▶ **Activity**
Below is a set of records; reproduce them exactly without their pictures.

Start of Block

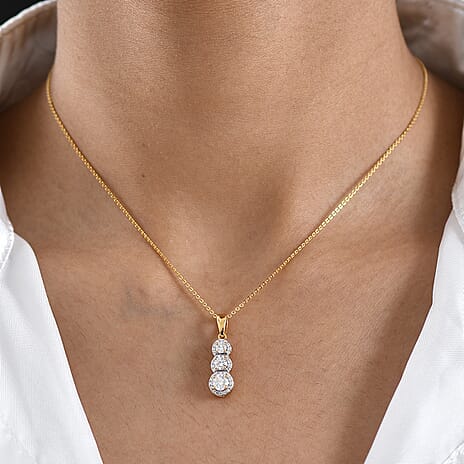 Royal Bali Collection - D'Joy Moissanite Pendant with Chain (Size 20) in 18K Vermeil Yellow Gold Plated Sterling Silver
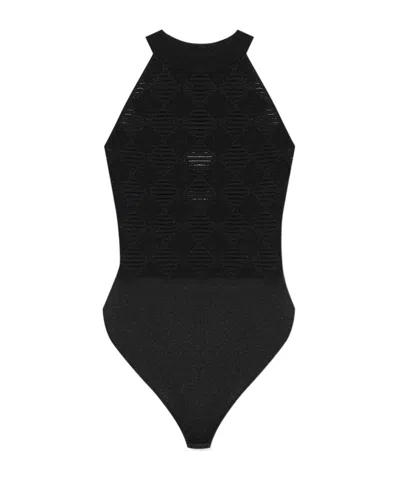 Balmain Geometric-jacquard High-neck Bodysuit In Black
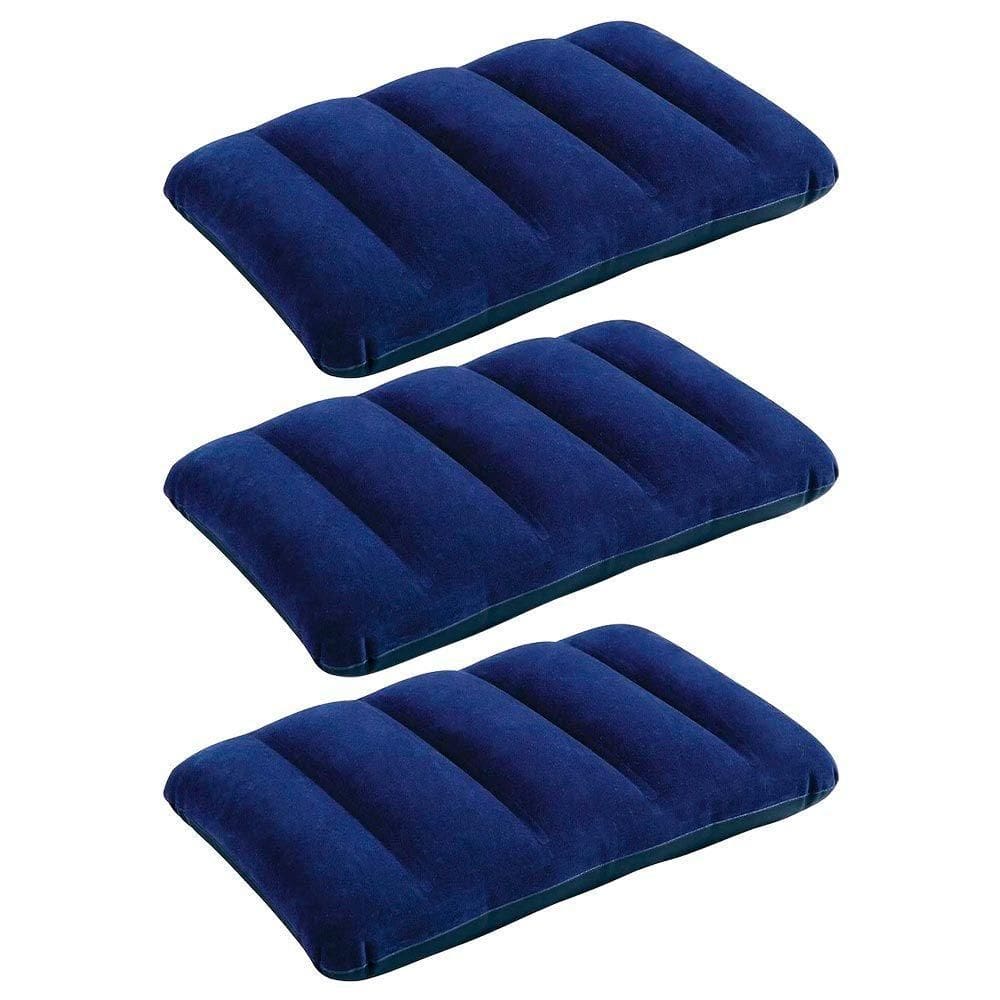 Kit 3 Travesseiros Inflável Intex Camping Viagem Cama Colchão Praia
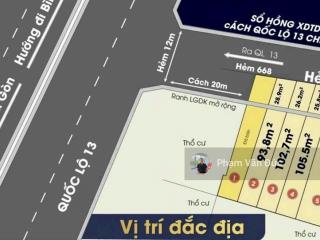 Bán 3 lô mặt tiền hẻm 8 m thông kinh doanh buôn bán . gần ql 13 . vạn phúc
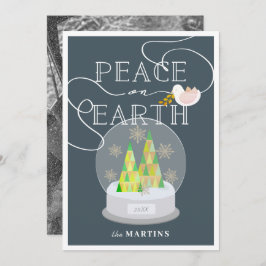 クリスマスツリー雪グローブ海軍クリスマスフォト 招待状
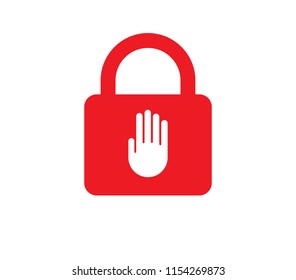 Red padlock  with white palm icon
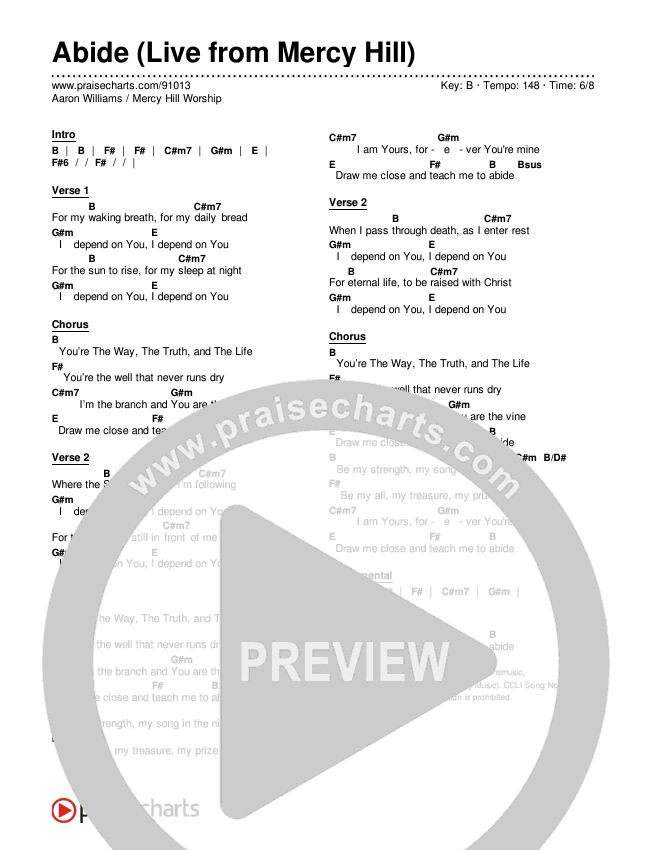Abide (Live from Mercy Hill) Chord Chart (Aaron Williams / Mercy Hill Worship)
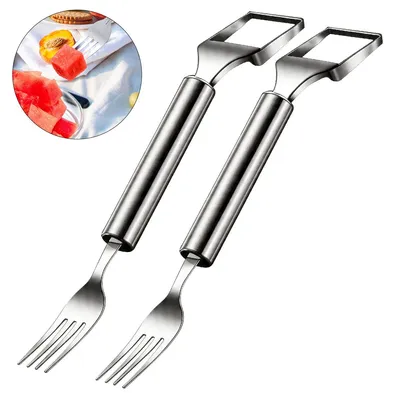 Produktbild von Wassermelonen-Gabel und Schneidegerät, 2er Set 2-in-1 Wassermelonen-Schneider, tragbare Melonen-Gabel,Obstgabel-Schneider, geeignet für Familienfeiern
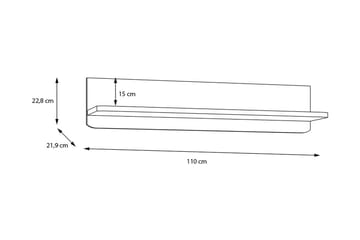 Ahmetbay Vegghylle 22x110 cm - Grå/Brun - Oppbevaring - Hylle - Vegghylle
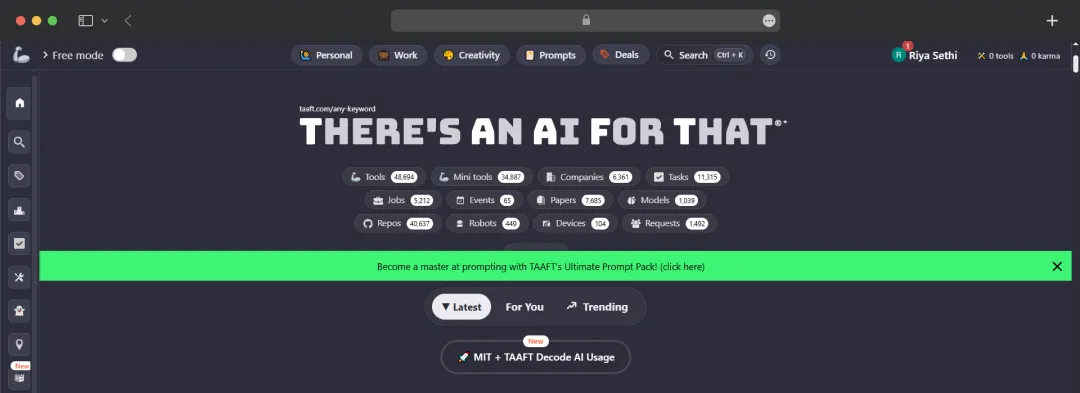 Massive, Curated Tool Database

End of Block

▶ **Finished exercise**
 Royal Bali Collection - D'Joy Moissanite Pendant with Chain (Size 20) in 18K Vermeil Yellow Gold Plated Sterling Silver
 Balmain Geometric-jacquard High-neck Bodysuit In Black
 Kit 3 Travesseiros Inflável Intex Camping Viagem Cama Colchão Praia
 Bán 3 lô mặt tiền hẻm 8 m thông kinh doanh buôn bán . gần ql 13 . vạn phúc
 クリスマスツリー雪グローブ海軍クリスマスフォト 招待状
 Red padlock  with white palm icon
Abide (Live from Mercy Hill) Chord Chart (Aaron Williams / Mercy Hill Worship)
 Produktbild von Wassermelonen-Gabel und Schneidegerät, 2er Set 2-in-1 Wassermelonen-Schneider, tragbare Melonen-Gabel,Obstgabel-Schneider, geeignet für Familienfeiern
 Ahmetbay Vegghylle 22x110 cm - Grå/Brun - Oppbevaring - Hylle - Vegghylle
 Massive, Curated Tool Database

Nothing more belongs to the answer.